But, it's not exactly something to be proud of. In the wake of the bridge collapse in Minnesota, Gov. Rendell announced that Pennsylvania has the highest number of bridges considered "structually deficient" in the U.S. - somewhere in the neighborhood of 6,000. Our bridges are also older, on average, than bridges around the country. 50.5 years here; about 39 years is the national average.
In the land of bridges, "structurally deficient" means that there is some level of deterioration. But, it does not mean that the bridge is unsafe. Still, the term does not exactly inspire confidence, especially when PennDOT seems to be making "emergency repairs" on some bridge or other every few days or so. Also kind of frightening is getting a look from above at all the patchwork on many bridge decks around here. Some have been patched so often that there's hardly any original concrete left!

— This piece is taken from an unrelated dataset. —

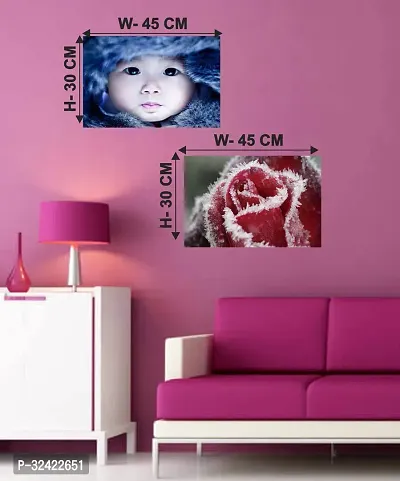 Cute Baby Wall Poster-thumb2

What to do? Well, raising revenue by turning Interstate 80 into a toll road is one idea, but quite a lot of people seem to feel that it's certainly not the best idea. In fact, one of the congressmen fighting the tolls is quoted in THIS newspaper article as saying that, in terms of getting highway funding from Washington, Pennsylvania is "winning" and, basically, he can't see where there's a shortfall in Pennsylvania's highway fund or why state officials say they need more money. I would refer him to the paragraph above.
For a while, I wasn't even sure that this plan to put tolls on 80 was actually intended to be taken seriously - considering that it's never gone anywhere in the past. I thought maybe it was just a bargaining chip to get the budget passed and that leasing the turnpike was the ultimate end game. But now, I think it is a serious plan; there's too much angst and bluster out there to believe otherwise.
Will there be tolls on I-80? Will the turnpike be leased? Will we end up with both? Or neither? I don't know. I have no idea where all this is going. I just hope it goes somewhere before what happened in Minnesota happens here.